Anhui Polytechnic University
- Other names: AHPU
- Former names: Anhui Mechanical University Wuhu Mechanical School Anhui University of Technology and Science
- Type: Public university
- Established: 1935
- President: Wang Shaowu
- Academic staff: 800
- Administrative staff: 1,200
- Students: 19,000
- Location: Wuhu, Anhui, China
- Campus: Urban area;
- Website: ahpu.edu.cn

= Anhui Polytechnic University =

Provincial public university in Wuhu, Anhui, China

Anhui Polytechnic University (AHPU; 安徽工程大学 (安徽工程大学, Ānhuī gōngchéng dàxué)) is a provincial public university in Wuhu, Anhui, China. It is affiliated with the Anhui Provincial Government.

The university provides programs in the fields of science and technology, engineering, management and economics.

== History ==
Anhui Polytechnic University (AHPU) is located in the national open city: Wuhu city in Anhui province, with an easy access to Nanjing (about 40 minutes by fast train) and Shanghai (about 2 and a half hours by fast train). AHPU is a provincial, multi-disciplinary university with strength in engineering and one of the universities for priority development in Anhui. The schooling can be traced back to 1935 when the Spanish Catholic Church founded Anhui Neisi Technical School, which, thereafter, renewed its name as Wuhu Electrical Motor Manufacture School, Wuhu Mechanical School, Anhui College of Mechanical & Electrical Engineering, Anhui University of Technology & Science and Anhui Polytechnic University since 2010.

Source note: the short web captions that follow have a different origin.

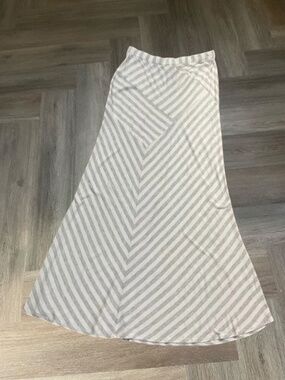 Design History Womens Maxi Skirt Small‎ Gray White Striped Y2K 2000s Casual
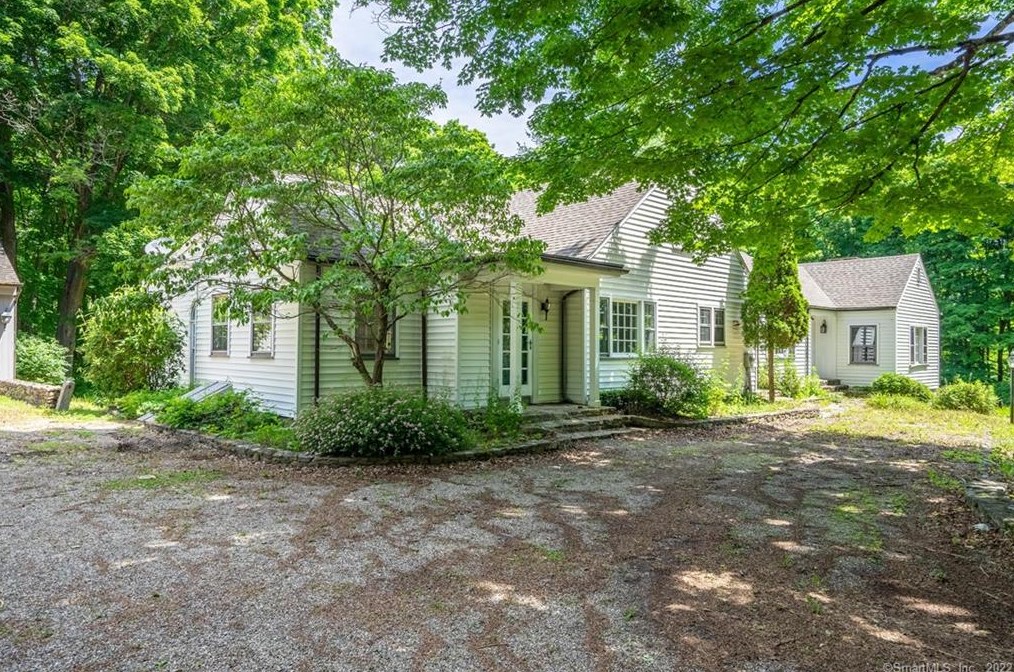 6 Packer Brook Rd, West Redding, CT 06896-2121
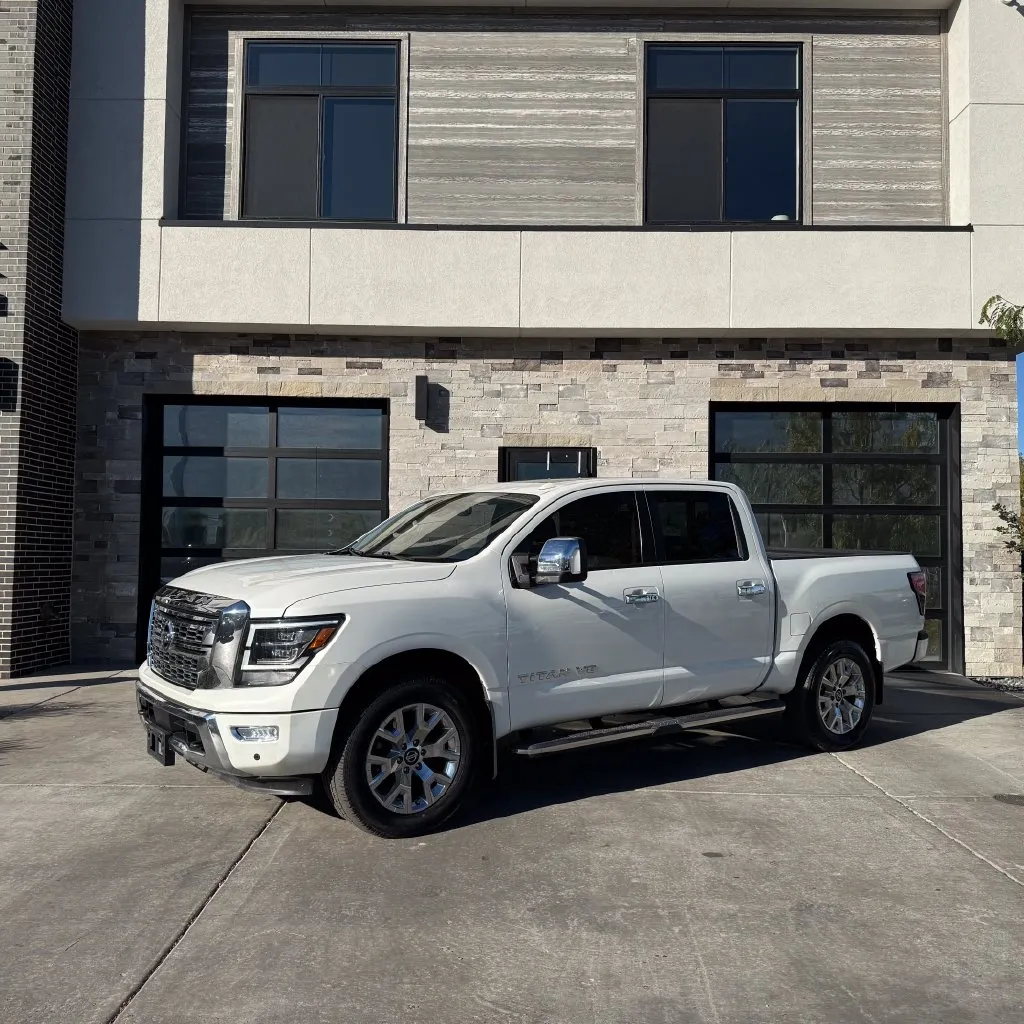 Nissan Titan photo 7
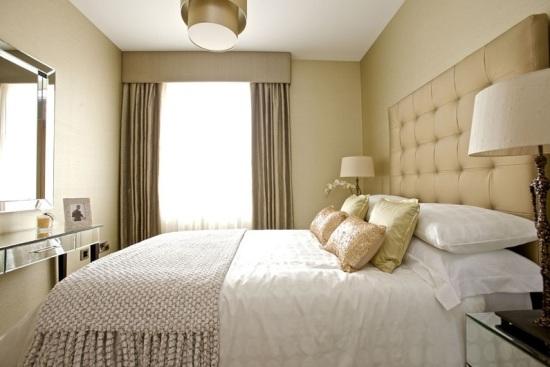 Даже маленькая спальня может стать уютной и практичной комнатой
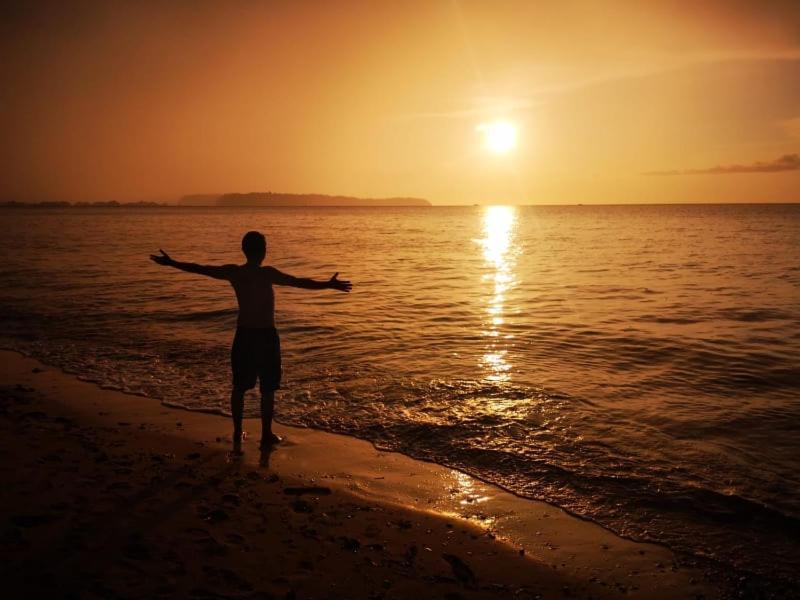 Sunset Beach Batudaka Luaran gambar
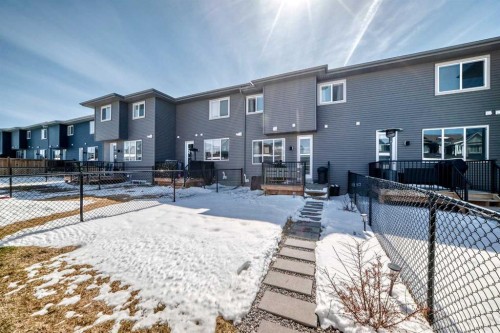 1016 Lanark Boulevard Se, Airdrie, AB - Outdoor With Deck Patio Veranda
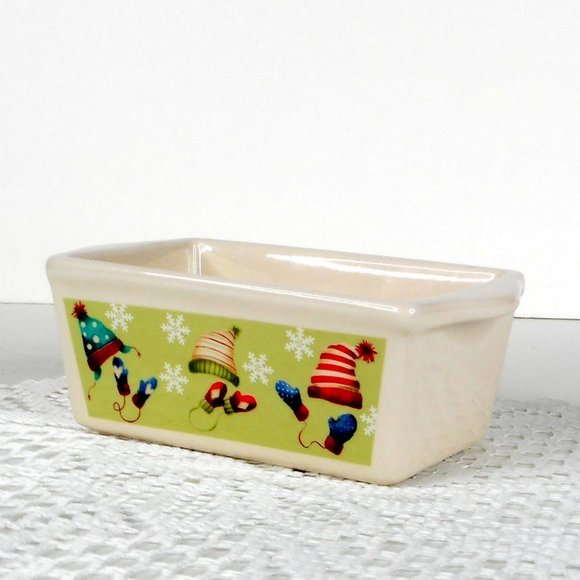 Nantucket Loaf Pan Beige Ceramic Stoneware Mini 5 x 3 In. Hats Mittens Christmas - Picture 2 of 8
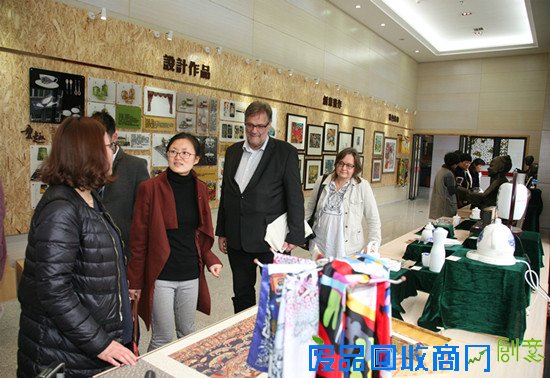 芬兰伊马特拉市文化代表团参观农民画艺术中心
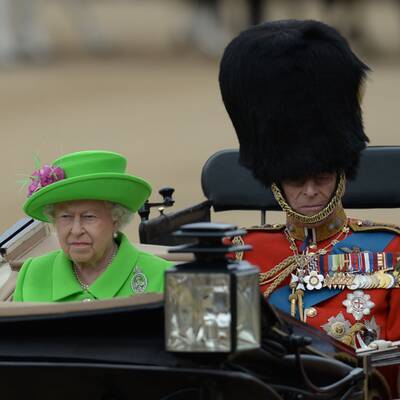 Queen Elizabeth feiert in neongrün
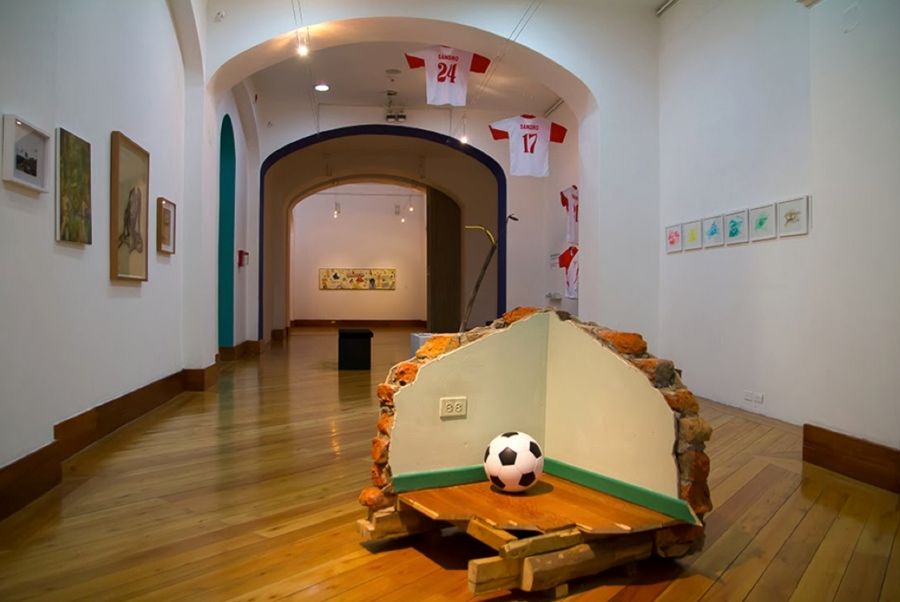 Santiago Reyes, Imitation of life 2, Football Story, 2013, instalación en la exposición “(Ya no) es mágico el mundo”, CAC, Quito, 2013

AHPU covers an area of 140 hectares, with a total construction area over 500,000 square meters, a total asset for teaching and research equipment 258 million RMB and a collection of over 1.5 million books in the library. Its faculty totals approximately 1300, with over 1000 as full-time teachers, of which 85% have doctorate or master degrees. Besides, AHPU employs renowned scholars both at home and abroad as its guest professors, including academicians of Chinese Academy of Sciences and Chinese Academy of Engineering, and introduces some high-level talents, including "The Yangtze River Scholars", to be its leading scientists of disciplines. Currently, with disciplines covering engineering, science, humanities, management, economy, law and arts etc., AHPU comprises 14 schools, offering 74 undergraduate programs, among which 14 are national or provincial featured programs, 15 are national or provincial comprehensive reform programs and 12 are national or provincial "Excellent Talents Programs". AHPU runs the master programs in 12 major disciplines and 7 professional master programs, of which 5 are in engineering fields. Nowadays, AHPU is jointly constructing "School of international engineers" with Wuhu municipal government and thus initiates a new talent cultivation pattern characterized by a combination of "Industry, School, Research and Application" and an integrity of "Internationalization, Engineering, Industrialization and Diversity". AHPU has established partnership with about 20 renowned universities from USA, UK, France, Germany, Italy, South Korea, Thailand and Taiwan Region to carry out joint-education programs, talent cultivation and scientific researches.